I think I’ll keep following the Pycon tutorials “live” by watching our monitoring then
love this thread! can’t wait to go through the links and see what I missed.
General question about Binder in regards to this (planning for the future), what is the difficulty/cost of setting up an instance for a weekend to handle heavy demos?
Like, if I had a budget of $500-1000 and a day or two to set it up so that 500 simultaneous users could get a demo with almost no lag (assuming good wifi), do you think that would be possible?
@betatim I’m just wondering about what kinds of options open up when Jupyter doesn’t have to foot the Google Cloud bill for things like this. If I’m planning a conference, can I budget for something like this to handle the capacity? Would it have to be more? Just trying to get a sense for what’s possible and what it would require.

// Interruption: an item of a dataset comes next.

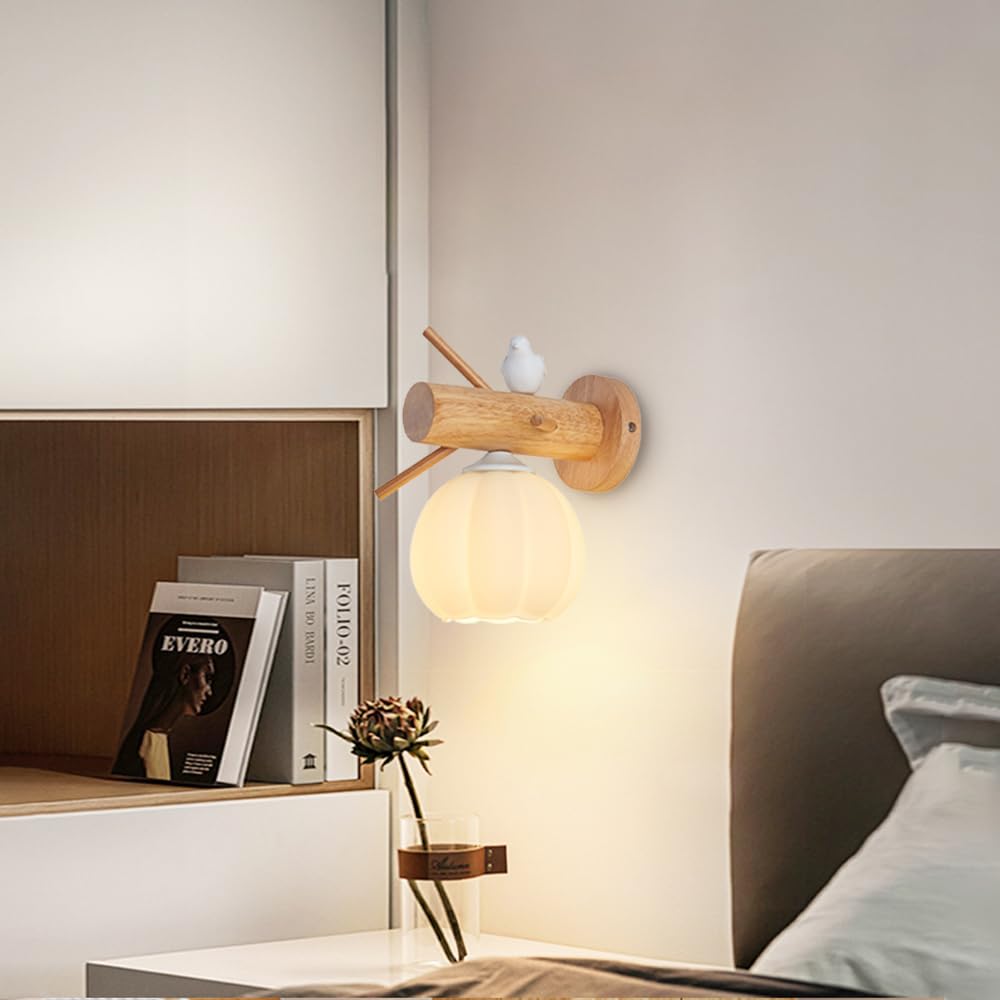 Drewniana lampka nocna, lampa ścienna w kształcie gałęzi ze szklanym kloszem, dekoracyjna lampa w kształcie ptaka, gniazdo E27, nowoczesna designerska lampa ścienna do sypialni o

I think order of magnitude wise it costs a couple of hundred dollars to run mybinder.org per day in cloud costs. This serves between 300-450 concurrent sessions “at all times”, so at any moment in time you’d find about that many people using mybinder.org.

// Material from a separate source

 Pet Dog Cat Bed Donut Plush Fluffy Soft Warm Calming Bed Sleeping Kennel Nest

How much more or less compute resources you’d need depends heavily on what it is people are actually doing. So it is a bit tricky to say.
Time to setup a BinderHub from scratch? If you’ve been doing it regularly and it is for a “throw away” hub (no customisations, minimal monitoring, skipping all the things you need for long term ops): around a day. If you haven’t done it before maybe a few days? I think we could improve the documentation and tooling a bit if we had more people setting up and tearing down hubs.
The limit of 100 users per repo is mostly arbitrary. We have to draw a line somewhere to stop run away trains and most of the time no one hits this limit. Seems like in this case also no one hit the limit. A while back we did a load test where 200 simulated users click the same launch link at the same time. Mostly went fine but because the cluster had to add a new machine it took ~10min for everyone to have an instance. With a bit of prior warning/coordination ahead of time you could provision the machines ahead of time so that it is faster.